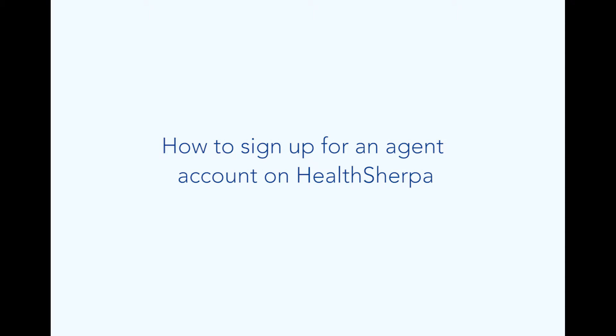Hello, my name is Kat Perez and I'm the head of product here at HealthSherpa. In this video, we're going to talk about how to sign up for an agent account.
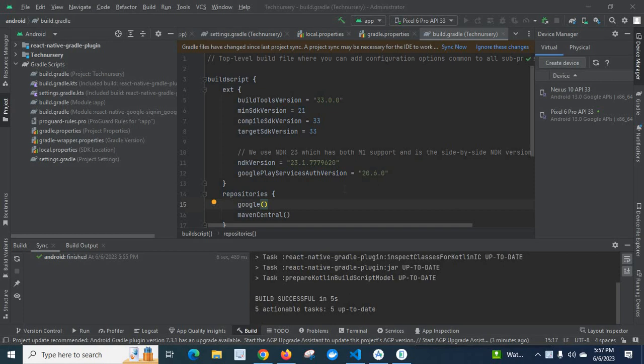Hi friends, in this video I am going to explain how to fix an error related to Google Play service auth version.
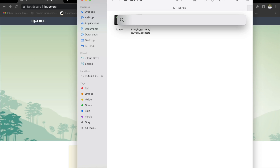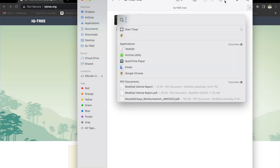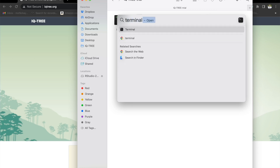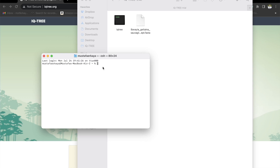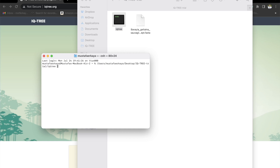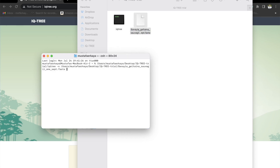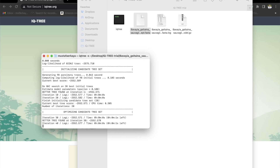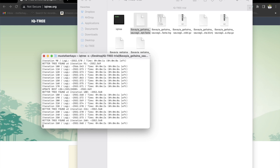Let's go to the top right corner and find the terminal. This is the command screen we have. What we're going to do is actually pretty simple. Drag the IQtree to right here, leave a space, type in -s, and then drag your file. Then type in -m MFP. When you run this code, it's going to start analyzing your FASTA file.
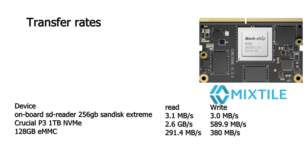Further, the onboard eMMC did 291.4 megabytes a second read and 380 megabytes a second write. And my Crucial P3 1TB NVMe does 2.6 gigabytes a second read and 589.9 megabytes a second write. As I said, the SD card reader only does 3.1 megabytes read and 3 megabytes write.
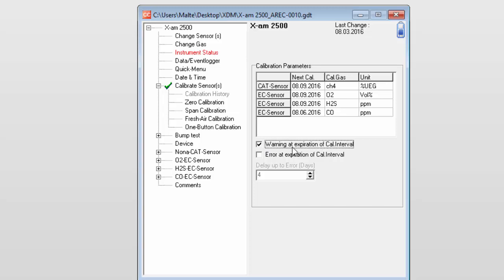If you select the first checkbox, the instrument will issue a warning when the interval has expired, but will continue measuring normally.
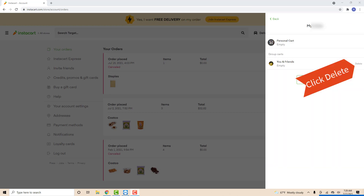After that, you will see your personal cart and your Group Carts. On the right side of your Group Carts, you will see a delete button. Click on the delete button next to the Group Cart you want to remove.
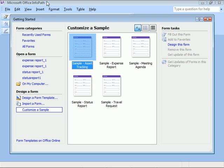In this InfoPath 2007 clip, we'll take a tour of the application's interface. We'll learn how and when key features become available to us, and we'll see how easy it is to use InfoPath as both an electronic form designer and as a client application for filling out forms.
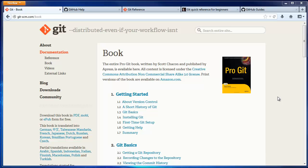In this video, I'm going to show you a few useful and free resources for learning more about Git and GitHub. I'll link to all of these resources in the video description.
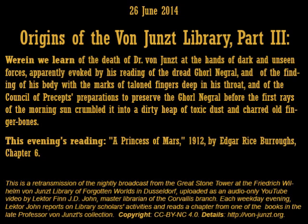Tonight we will be reading Chapter 6 of A Princess of Mars by Edgar Rice Burroughs. But first I must continue the tragic story of the founder and namesake of our library of sinister and forgotten lore, of our own martyr to man's thirst for knowledge, the late lamented Friedrich Wilhelm von Junzt. In telling these well-worn tales I again crave the indulgence and forgiveness of our long-time listeners who have tuned in to our signal broadcast from the aerial atop the Great Stone Tower in Dusseldorf since we first went on the air in 1924.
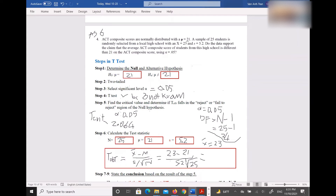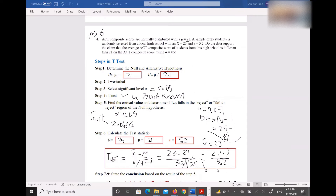It's 5.2 divided by the square root of 25. The square root of 25 is 5, so the numerator is 23 minus 21, which is 2. You can move the denominator up: 2 divided by 5.2, divided by 5. It looks like you got it — t_obt is 1.92.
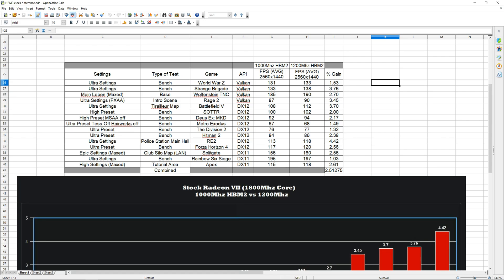Hey how's it going guys, welcome back to the channel. In this video we're going to be taking a look at how the Radeon 7 behaves when the memory is overclocked.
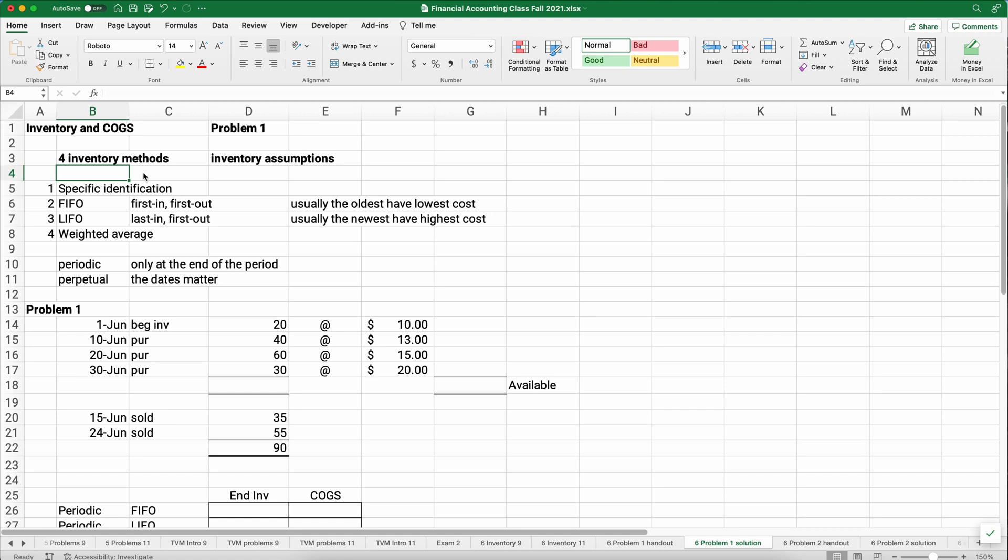Hello and welcome. Today we're working on inventory problems in financial accounting — things like FIFO, LIFO, and weighted average.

## [BRIEF]
Transcribe every line from the one containing "After that, you" to the end of the listing, exactly and exclusively. Do not carry any picture over.

## [RESULT FOR THIS EXERCISE]
After that, you will see your personal cart and your Group Carts. On the right side of your Group Carts, you will see a delete button. Click on the delete button next to the Group Cart you want to remove.
In this InfoPath 2007 clip, we'll take a tour of the application's interface. We'll learn how and when key features become available to us, and we'll see how easy it is to use InfoPath as both an electronic form designer and as a client application for filling out forms.
In this video, I'm going to show you a few useful and free resources for learning more about Git and GitHub. I'll link to all of these resources in the video description.
Tonight we will be reading Chapter 6 of A Princess of Mars by Edgar Rice Burroughs. But first I must continue the tragic story of the founder and namesake of our library of sinister and forgotten lore, of our own martyr to man's thirst for knowledge, the late lamented Friedrich Wilhelm von Junzt. In telling these well-worn tales I again crave the indulgence and forgiveness of our long-time listeners who have tuned in to our signal broadcast from the aerial atop the Great Stone Tower in Dusseldorf since we first went on the air in 1924.
It's 5.2 divided by the square root of 25. The square root of 25 is 5, so the numerator is 23 minus 21, which is 2. You can move the denominator up: 2 divided by 5.2, divided by 5. It looks like you got it — t_obt is 1.92.
Hey how's it going guys, welcome back to the channel. In this video we're going to be taking a look at how the Radeon 7 behaves when the memory is overclocked.
Hello and welcome. Today we're working on inventory problems in financial accounting — things like FIFO, LIFO, and weighted average.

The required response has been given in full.